▸ What to produce: Beginning with the line below that contains "3-Pc Set Folding" and ending with the line that contains "CHS幣是什么幣種？", copy every line exactly. Copy nothing else.

▸ Materials provided:
-------------------------

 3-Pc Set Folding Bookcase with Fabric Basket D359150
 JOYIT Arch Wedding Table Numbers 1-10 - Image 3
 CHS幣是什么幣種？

-------------------------

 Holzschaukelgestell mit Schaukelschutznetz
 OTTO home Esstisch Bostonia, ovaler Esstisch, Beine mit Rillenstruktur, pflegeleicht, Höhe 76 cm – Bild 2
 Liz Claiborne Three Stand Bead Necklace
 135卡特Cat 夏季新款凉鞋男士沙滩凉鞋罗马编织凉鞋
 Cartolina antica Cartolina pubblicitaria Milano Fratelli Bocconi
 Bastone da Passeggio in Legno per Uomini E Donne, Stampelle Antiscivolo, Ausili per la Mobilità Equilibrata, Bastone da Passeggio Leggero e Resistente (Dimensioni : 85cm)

-------------------------

▸ Response below:
 3-Pc Set Folding Bookcase with Fabric Basket D359150
 JOYIT Arch Wedding Table Numbers 1-10 - Image 3
 CHS幣是什么幣種？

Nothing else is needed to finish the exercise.